» What is required:
Skip the pictures and retype exactly the lines from the one holding "Singapore Slammers' Tomas" through the end of the entries.

» Scraped caption text data:
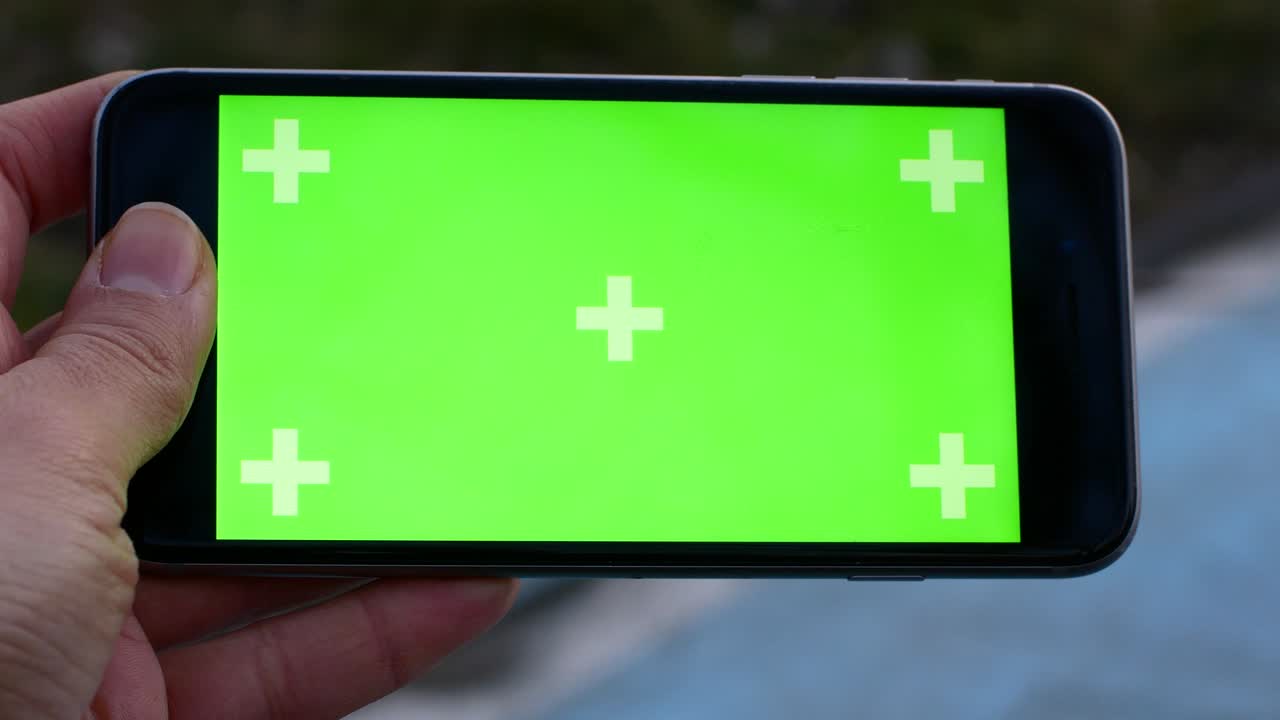 공원 b에 앉아있는 동안 그녀의 손에 녹색 화면으로 전화를 들고 있는 소녀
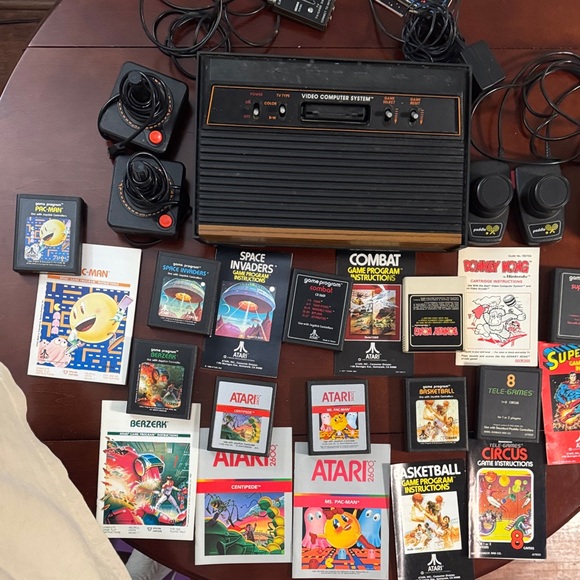 Vintage Authentic Atari 2600 with controllers games and instruction booklets.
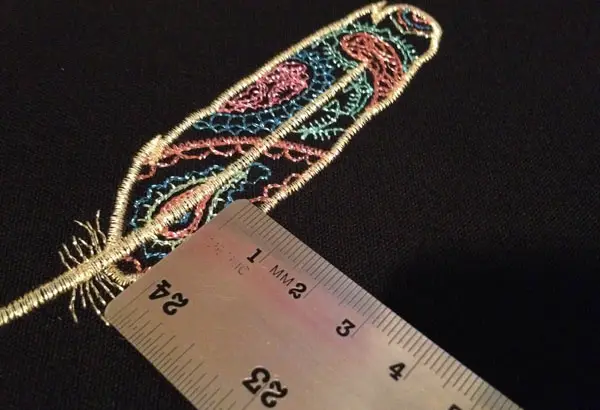 Measuring an embroidered feather made of metallic thread with a metric ruler.
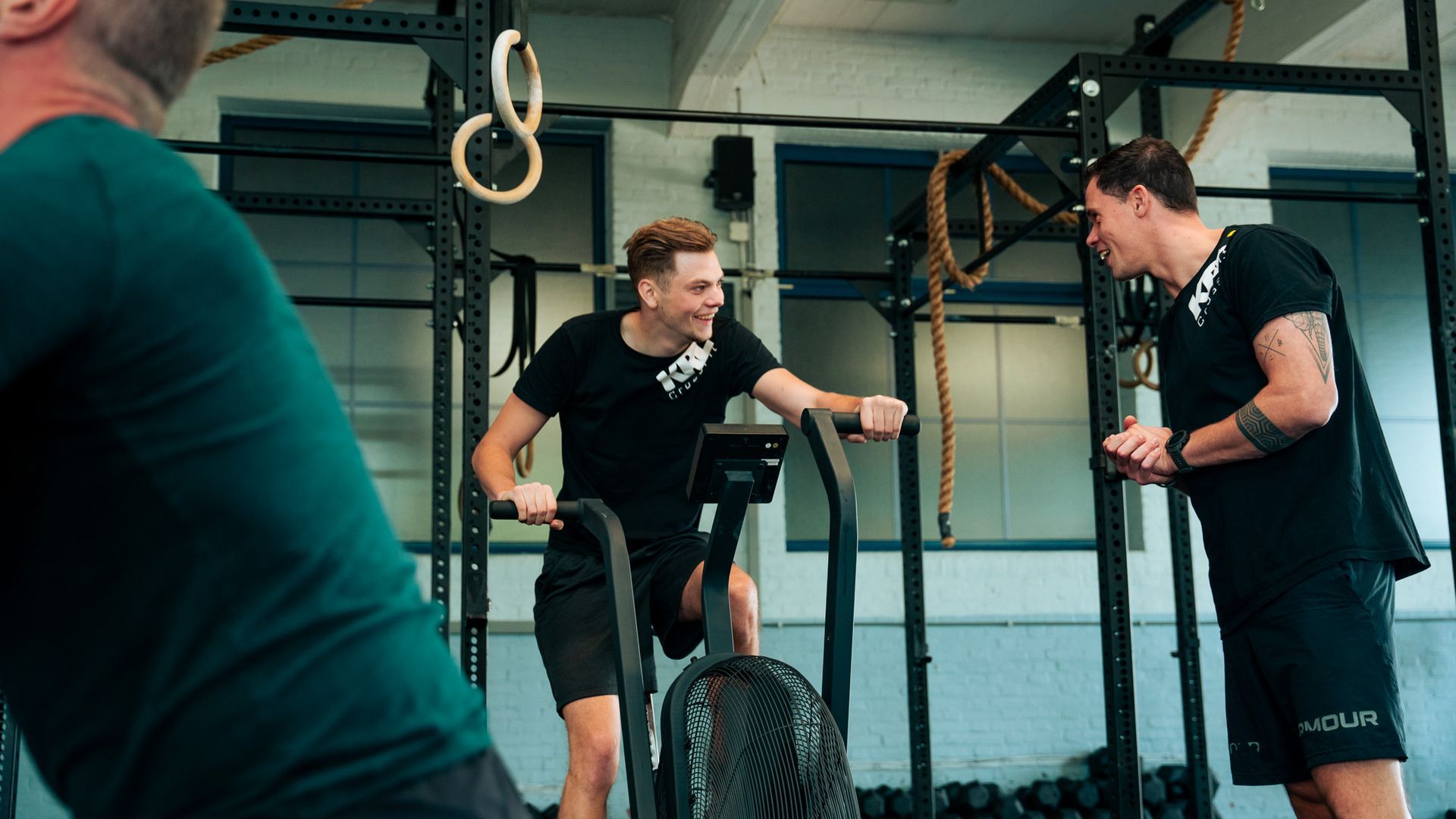 Twee mannen praten met elkaar in een sportschool terwijl een van hen op een hometrainer zit.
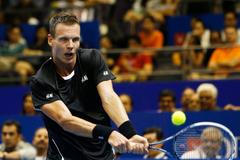 Singapore Slammers' Tomas Berdych of the Czech Republic hits a return to Manila Mavericks' Jo-Wilfried Tsonga of France during their men's singles match at the International Premier Tennis League (IPT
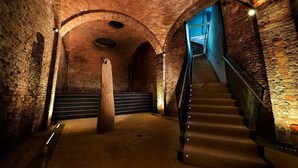 A staircase in a brick-walled building with a wooden column and a metal railing. - Camere Centro Storico (Canelli)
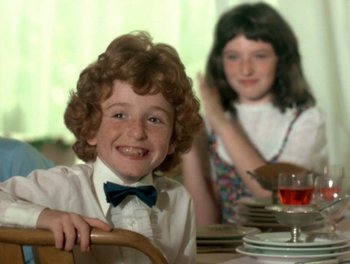 Movie still from “Cousin cousine” (1975), directed by Jean-Charles Tacchella – A boy and a girl sitting at a dinner table; Close Up shot, Over the shoulder angle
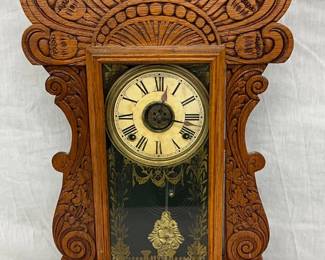 Carved Wood Mantel Clock with Glass Pane and Roman Numeral Dial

» Answer box:
 Singapore Slammers' Tomas Berdych of the Czech Republic hits a return to Manila Mavericks' Jo-Wilfried Tsonga of France during their men's singles match at the International Premier Tennis League (IPT
 A staircase in a brick-walled building with a wooden column and a metal railing. - Camere Centro Storico (Canelli)
 Movie still from “Cousin cousine” (1975), directed by Jean-Charles Tacchella – A boy and a girl sitting at a dinner table; Close Up shot, Over the shoulder angle
 Carved Wood Mantel Clock with Glass Pane and Roman Numeral Dial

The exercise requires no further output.